[Record extracts]:
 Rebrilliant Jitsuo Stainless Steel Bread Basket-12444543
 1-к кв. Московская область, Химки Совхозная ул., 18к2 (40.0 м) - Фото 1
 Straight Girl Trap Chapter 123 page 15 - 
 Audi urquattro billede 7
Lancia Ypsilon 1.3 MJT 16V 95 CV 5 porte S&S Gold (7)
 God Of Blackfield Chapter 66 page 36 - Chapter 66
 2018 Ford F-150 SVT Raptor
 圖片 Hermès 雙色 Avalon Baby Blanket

[Prompt]: Lines from the one containing "Straight Girl Trap" to the end of the data are to be printed exactly, including the first and last.

[Worked solution]:
 Straight Girl Trap Chapter 123 page 15 - 
 Audi urquattro billede 7
Lancia Ypsilon 1.3 MJT 16V 95 CV 5 porte S&S Gold (7)
 God Of Blackfield Chapter 66 page 36 - Chapter 66
 2018 Ford F-150 SVT Raptor
 圖片 Hermès 雙色 Avalon Baby Blanket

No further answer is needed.